According to RDAM, land rights for Dalits have always remained on paper. The land allocated to them 32 years ago in Gujarat is still under the possession of the people from the powerful upper castes.
“The government does not want to allocate even an inch of fresh land. This makes it clear that it wants the Dalits to clean the gutters and carry out scavenging for years to come. Hence, Manusmriti remains in operation,” said the Manch in a statement.
“The possession of land to corporate houses is given overnight while that to Dalit remains merely on paper. The slogan for our march will be 'Gai ki poonch aap rakho, humein hamari zameen do' (You keep your cow's tail, give us our land),” it adds.
The Manch has underlined that from the day that Una flogging came to light, the atrocities against Dalits and minorities in the name of cow protection have only increased while the governments in the Centre and the state choose to remain quiet.
Mevani says that though Dalits have voted for various parties in Gujarat and are disillusioned with them, they particularly dislike the BJP and believe that voting for it in the forthcoming assembly polls would only result in moving towards the creation of a Hindu Rashtra.
“This time, we are not going to vote for the BJP. We are also trying to bring all the marginalised communities and minorities together. These will also include communities like Patels along with the working class and the farmers who have been at the receiving end during the more than two-decade rule of BJP in the state,” he added.
Mevani claims that the Una March had a massive impact as it sparked off agitations and movements in different parts of the country. He believes that the BJP fielding a Dalit for the Presidential post is a deeply planned 'political gimmick' and 'tokensim' to tame this upheaval.
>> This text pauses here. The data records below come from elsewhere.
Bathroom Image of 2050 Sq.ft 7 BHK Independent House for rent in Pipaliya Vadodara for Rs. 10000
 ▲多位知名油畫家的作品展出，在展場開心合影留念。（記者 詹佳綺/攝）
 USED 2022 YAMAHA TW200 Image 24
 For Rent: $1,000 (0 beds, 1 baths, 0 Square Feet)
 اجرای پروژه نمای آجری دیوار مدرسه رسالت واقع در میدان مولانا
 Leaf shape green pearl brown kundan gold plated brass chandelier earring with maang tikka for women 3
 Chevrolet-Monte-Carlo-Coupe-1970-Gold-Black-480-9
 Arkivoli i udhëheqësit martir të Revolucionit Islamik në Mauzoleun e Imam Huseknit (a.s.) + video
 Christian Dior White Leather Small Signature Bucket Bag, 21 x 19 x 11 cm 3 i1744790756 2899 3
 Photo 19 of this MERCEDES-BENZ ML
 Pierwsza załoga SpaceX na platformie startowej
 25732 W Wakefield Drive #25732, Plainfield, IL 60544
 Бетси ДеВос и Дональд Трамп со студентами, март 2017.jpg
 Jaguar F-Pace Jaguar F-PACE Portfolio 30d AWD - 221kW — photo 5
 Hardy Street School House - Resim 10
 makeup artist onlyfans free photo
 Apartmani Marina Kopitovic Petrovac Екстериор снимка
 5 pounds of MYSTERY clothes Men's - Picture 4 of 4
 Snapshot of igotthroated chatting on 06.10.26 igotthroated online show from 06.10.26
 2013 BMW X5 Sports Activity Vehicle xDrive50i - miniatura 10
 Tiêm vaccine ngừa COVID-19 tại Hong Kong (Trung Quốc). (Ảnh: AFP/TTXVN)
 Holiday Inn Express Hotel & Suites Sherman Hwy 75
“They want to dilute the impact of the Una march, the agitation that had followed Rohith Vemula's death and the impact of the Bhim Army but they will not be able to do so. Their attacks on the Dalits have not declined and they have not even spared Rohith Vemula's mother Radhika Vemula. Dalits are in no mood to let them go scot free,” Mevani said.
Dalits, in particular, have been giving the party a severe headache by the way of protests and agitations at regular intervals. Recently, the community took out an agitation which asked pointed questions to Dalit representatives in Parliament and the state assembly as to what they have been doing in light of growing instances of lynchings, cow vigilantism and Dalit atrocities.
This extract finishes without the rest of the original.